Records supplied:
---+---
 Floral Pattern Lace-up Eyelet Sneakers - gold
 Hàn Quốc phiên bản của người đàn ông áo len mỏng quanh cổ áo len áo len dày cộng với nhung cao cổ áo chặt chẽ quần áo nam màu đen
---+---
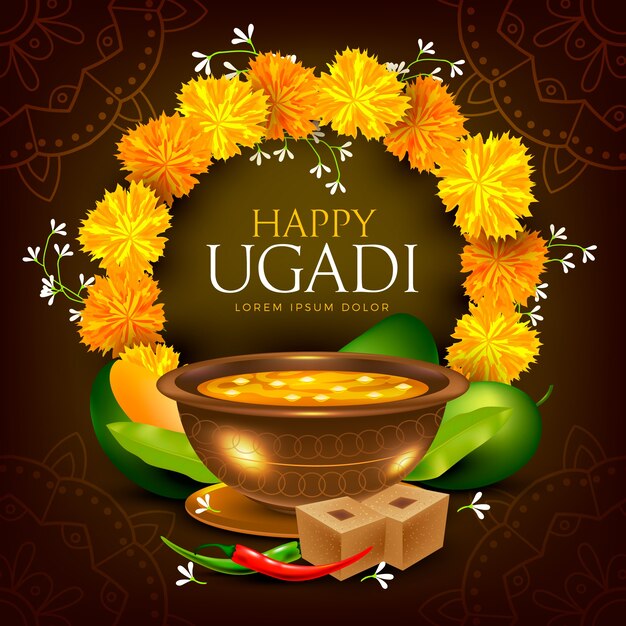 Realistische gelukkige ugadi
---+---
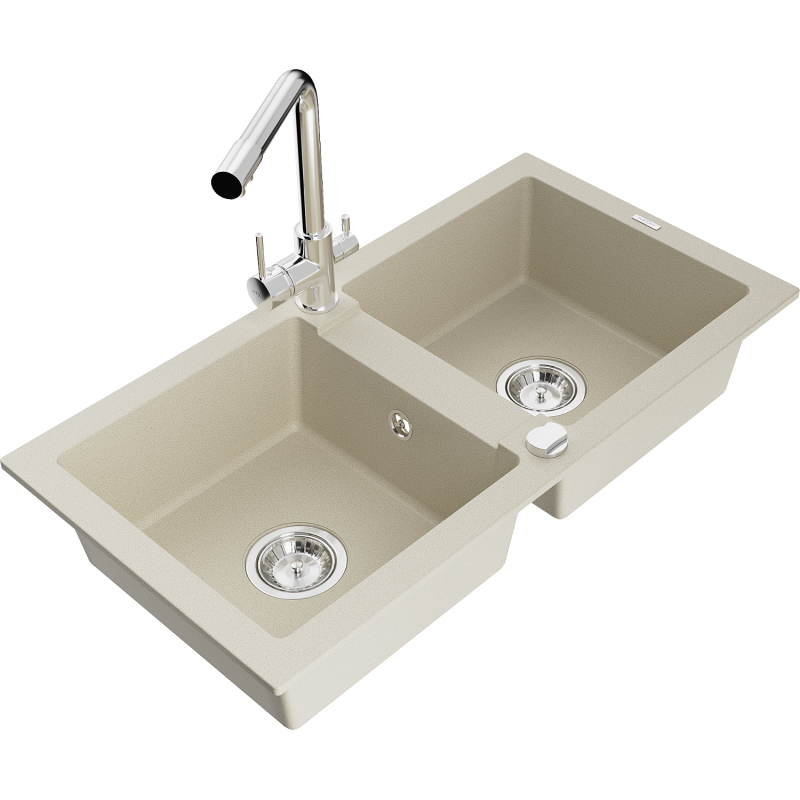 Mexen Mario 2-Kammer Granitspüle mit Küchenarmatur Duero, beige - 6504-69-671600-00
---+---
Your objective: After locating the line with "Floral Pattern Lace-up" in the material above, return it and each line after it exactly, ending at the line with "Hàn Quốc phiên".

Expected answer:
 Floral Pattern Lace-up Eyelet Sneakers - gold
 Hàn Quốc phiên bản của người đàn ông áo len mỏng quanh cổ áo len áo len dày cộng với nhung cao cổ áo chặt chẽ quần áo nam màu đen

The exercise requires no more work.